Mas quando damos por nós num modo de piloto automático, a acenar que sim com a cabeça perante a maior calamidade, procurando convencer-nos de que não sentir é o único estado possível, odiamo-nos, como se tivéssemos ficado robots. E toma-nos o medo de que crescer traga consigo uma indiferença fria e egocêntrica. Que o passar dos anos nos sitie por trás de muralhas que já não conseguimos deixar cair.
Aí recuamos. E devagarinho percebemos que mesmo a morte, a dor mais irremediável, só por si reforça o valor da vida, e que o único antídoto para o sofrimento que nos rodeia é a gratidão. Gratidão por estarmos vivos, por ainda estarmos vivos. Gratidão pelas pessoas que partiram e continuam vivas dentro de nós, mas também por aquelas que nos importam muito e continuam vivas ao nosso lado.

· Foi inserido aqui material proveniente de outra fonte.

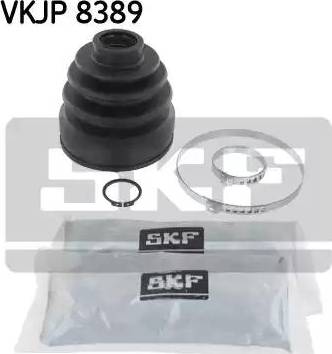 SKF VKJP 8389 - Körük, sürücü val furqanavto.az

E que, objetivamente, estão em desvantagem – o amor tem bem mais dificuldade em resistir à vida do que à morte, em sobreviver ao desgaste do dia a dia, ao confronto direto, à falta de tempo e atenção, à desilusão das expectativas criadas.
De tudo isto fica uma sensação de urgência. Urgência de usufruir o momento, de viver mais intensamente, de aproveitar cada pessoa, cada primavera, cada ano em que vemos as folhas nascerem nas árvores, tão verde-alface que apetece trincá-las, cada fim de noite em que, juntos, vemos uma série na televisão, os segundos antes de adormecer em que estendemos a mão para quem dorme ao nosso lado e a inspiração profunda quando acordamos e ainda está ao nosso lado, cada momento em que os nossos filhos ou netos nos trepam para o colo e lá se aconchegam ou entre amigos rimos até já nem sabermos porquê. Porque se há uma lição nas tragédias, mesmo nas dos outros, é a de que não nos podemos dar ao luxo de imaginar que até as melhores histórias não têm um fim.

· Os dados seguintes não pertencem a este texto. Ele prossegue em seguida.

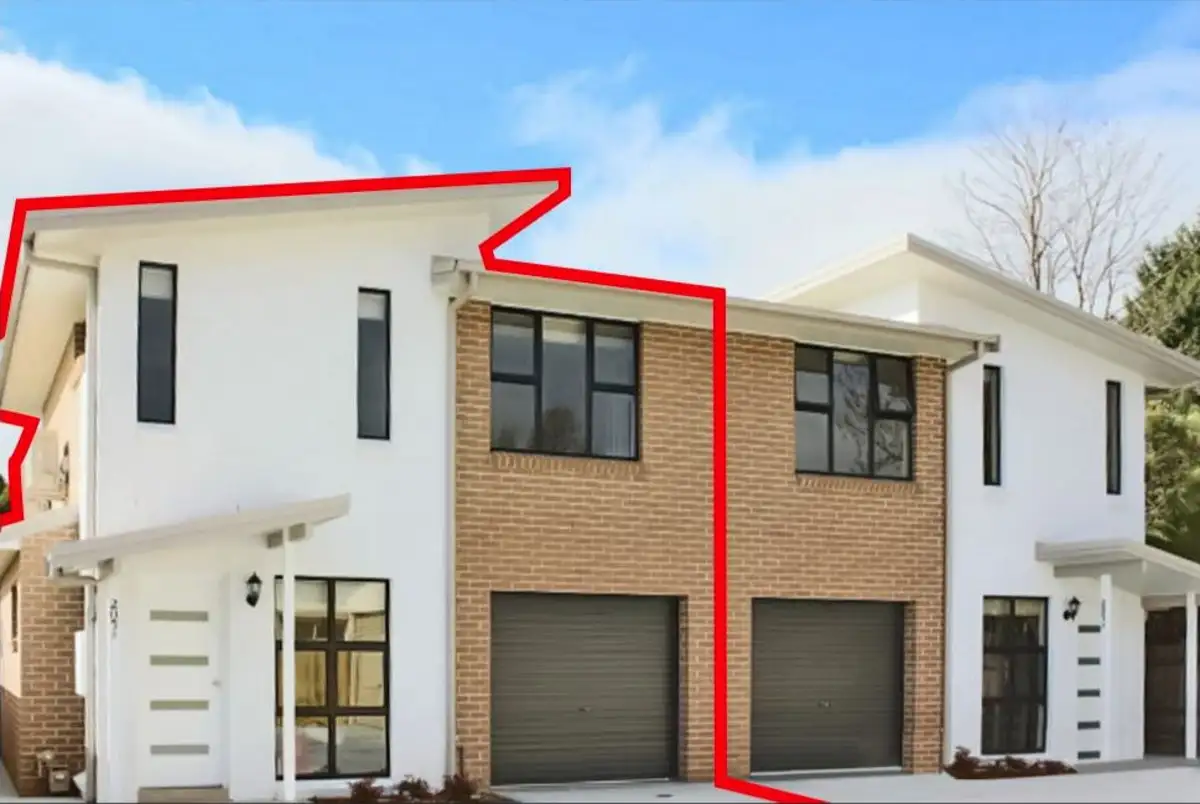 Main view of Homely townhouse listing, 205b Brilliant Street, Bathurst NSW 2795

Mas como fazê-lo sem culpabilidade, sem remorsos por termos ainda aquilo que aqueles que tanto amamos não têm? Como é que superamos a vontade de pedir desculpa pela nossa felicidade que, tememos, quase os possa ofender ou mesmo zangar? Como se os tivéssemos abandonado, não querendo saber da sua dor – quando queremos tanto!
Talvez, só com a convicção de que se conseguirmos encontrar a alegria, trazendo-a connosco, mesmo que por vezes escondida no fundo de um bolso fundo, teremos mais para dar. De que só carregando as nossas próprias baterias, poderemos ajudar a carregar as dos demais. E uma outra, que custa pensar e mais ainda escrever, mas que não pode deixar de aqui ficar, porque provavelmente contém a chave de tudo o resto: só nos podemos dar verdadeiramente àqueles que acreditamos que nos querem ver felizes. No dia em que imaginarmos (e, às vezes, é só mesmo um truque da nossa fantasia) que, por muita justificação que tenham, nos querem roubar a vida, o ressentimento acabará por estragar tudo. Complicado? Muito mais simples dito que feito, com certeza. Mas quem disse que viver era fácil? Pergunta que só tem realmente resposta quando nos recordamos que a opção é morrer.